Все основное напряжение работы, которое сейчас во мне существует, и в принципе такого рода путешествие с объектом текста «Бесы» подразумевает понимание того, как диалог Достоевского может оказаться сегодня на сцене. Для меня абсолютно очевидно, что его надо как бы выпарить, очистить от всех тех иллюзий и моментов, в которых он служит обеспечению нарратива и объема фигуративно-реалистической иллюзии, вплоть до гетерогенной. Понятно это?
Ю. С.: На «гетерогенной» я уже немножко начинаю ломаться.
Б. Ю.: Надо выпарить оттуда пол, это важно сделать.
Ю. С.: То есть он не должен быть средством развития сюжета, механизмом его движения. Он должен быть подвешен в пространстве сам по себе.

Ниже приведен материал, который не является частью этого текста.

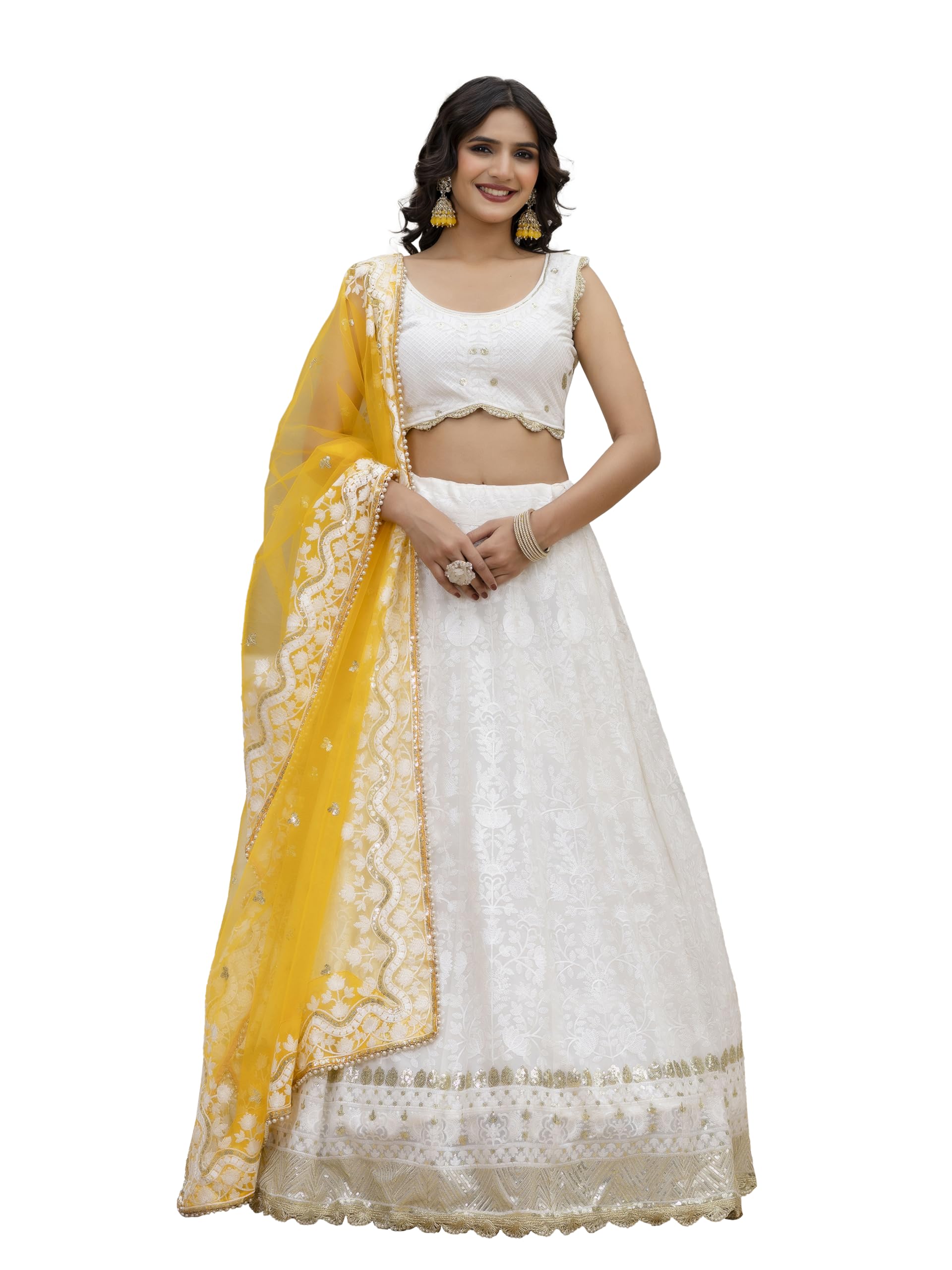 Georgette Embroidery Sequence Work Wedding Lehenga Choli Unstitch Blouse with Dupatta For Women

Б. Ю.: Ну да. Я ни в коем случае не хочу никого обидеть, но идеи пола не имеют. Все его диалоги – все от начала до конца – сотканы не из вещества, где сны, а из вещества, где идеи. И они непрерывно движутся вдоль этого текста. А описания, которые Достоевский прячет под личиной тех или иных героев, устроены как потрясающий объектный, овеществленный мир, подробно и замечательно выговоренный. Вот сочетание одного и другого дает абсолютно сюрреалистический эффект. Магритт, понимаете? Ну, это не надо делать в сторону Магритта, но по сути… Там, где идеи – это один тип техники игры. По сути это шекспировского открытое пространство – никакое ни экстерьерное, ни интерьерное. Площадное… Как угодно его можно назвать. И есть особого рода дистанция, которую изначальное надо положить и попробовать осуществить. Дистанция эта называется рай. Для того, чтобы сыграть ад, надо построить рай. И это парадокс. Катабасис подразумевает еще обязательно анабасис, то есть восхождение. И не бесы, а ангелы. Если говорить языком метафор, только ангелы могут сыграть бесов. Только такую предельную дистанцию надо построить, чтобы засверкали на свободе освобожденные от нарративного заклания, от этого обуживания ангажементом сюжета или психики, идеи, вырванные из так называемого актуального контекста туда, где они собственно проживают, то есть в рай.
Вот это то, что я буду продолжать делать, поеду через два дня. Как уж у нас получится, я не знаю, но это диалоги.
Ю. С.: То есть это идеи не в виде спора западников и славянофилов или там Киреевского с Аксаковым, а в платоновском смысле? Это идеи как сущности, находящиеся в каком-то интеллигибельном пространстве?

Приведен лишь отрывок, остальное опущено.